### STORED DATA
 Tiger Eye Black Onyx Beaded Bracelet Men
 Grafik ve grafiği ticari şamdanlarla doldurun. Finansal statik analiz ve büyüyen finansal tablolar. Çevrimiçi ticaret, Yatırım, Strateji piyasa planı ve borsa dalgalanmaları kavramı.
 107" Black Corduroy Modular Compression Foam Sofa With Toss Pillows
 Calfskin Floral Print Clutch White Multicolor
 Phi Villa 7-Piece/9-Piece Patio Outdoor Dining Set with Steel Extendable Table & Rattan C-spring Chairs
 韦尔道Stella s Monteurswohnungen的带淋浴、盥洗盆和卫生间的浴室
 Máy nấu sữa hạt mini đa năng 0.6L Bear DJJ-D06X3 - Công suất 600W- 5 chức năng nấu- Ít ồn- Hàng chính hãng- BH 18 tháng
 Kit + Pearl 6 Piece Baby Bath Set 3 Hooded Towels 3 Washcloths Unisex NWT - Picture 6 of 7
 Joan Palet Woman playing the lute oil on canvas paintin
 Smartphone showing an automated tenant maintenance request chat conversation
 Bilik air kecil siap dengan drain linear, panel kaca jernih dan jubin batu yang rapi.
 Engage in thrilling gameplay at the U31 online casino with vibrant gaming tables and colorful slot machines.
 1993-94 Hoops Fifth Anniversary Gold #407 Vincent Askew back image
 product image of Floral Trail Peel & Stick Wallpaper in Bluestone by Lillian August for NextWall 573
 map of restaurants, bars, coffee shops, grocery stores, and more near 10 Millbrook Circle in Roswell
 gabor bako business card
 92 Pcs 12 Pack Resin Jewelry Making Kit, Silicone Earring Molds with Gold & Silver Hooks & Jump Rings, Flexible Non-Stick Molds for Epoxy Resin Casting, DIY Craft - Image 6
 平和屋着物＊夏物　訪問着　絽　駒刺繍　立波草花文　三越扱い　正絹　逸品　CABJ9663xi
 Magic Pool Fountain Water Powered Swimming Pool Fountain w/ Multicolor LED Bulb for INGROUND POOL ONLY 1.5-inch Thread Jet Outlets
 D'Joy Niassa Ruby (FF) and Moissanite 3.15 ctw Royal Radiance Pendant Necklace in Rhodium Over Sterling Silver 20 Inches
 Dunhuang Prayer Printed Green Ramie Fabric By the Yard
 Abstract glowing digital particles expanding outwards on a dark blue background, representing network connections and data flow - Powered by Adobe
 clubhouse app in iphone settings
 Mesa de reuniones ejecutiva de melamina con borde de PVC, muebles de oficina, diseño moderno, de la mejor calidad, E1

### TASK TO CARRY OUT
Repeat the material exactly. Begin with its first line and end with the line that has "With Toss Pillows".

### TASK SOLUTION
 Tiger Eye Black Onyx Beaded Bracelet Men
 Grafik ve grafiği ticari şamdanlarla doldurun. Finansal statik analiz ve büyüyen finansal tablolar. Çevrimiçi ticaret, Yatırım, Strateji piyasa planı ve borsa dalgalanmaları kavramı.
 107" Black Corduroy Modular Compression Foam Sofa With Toss Pillows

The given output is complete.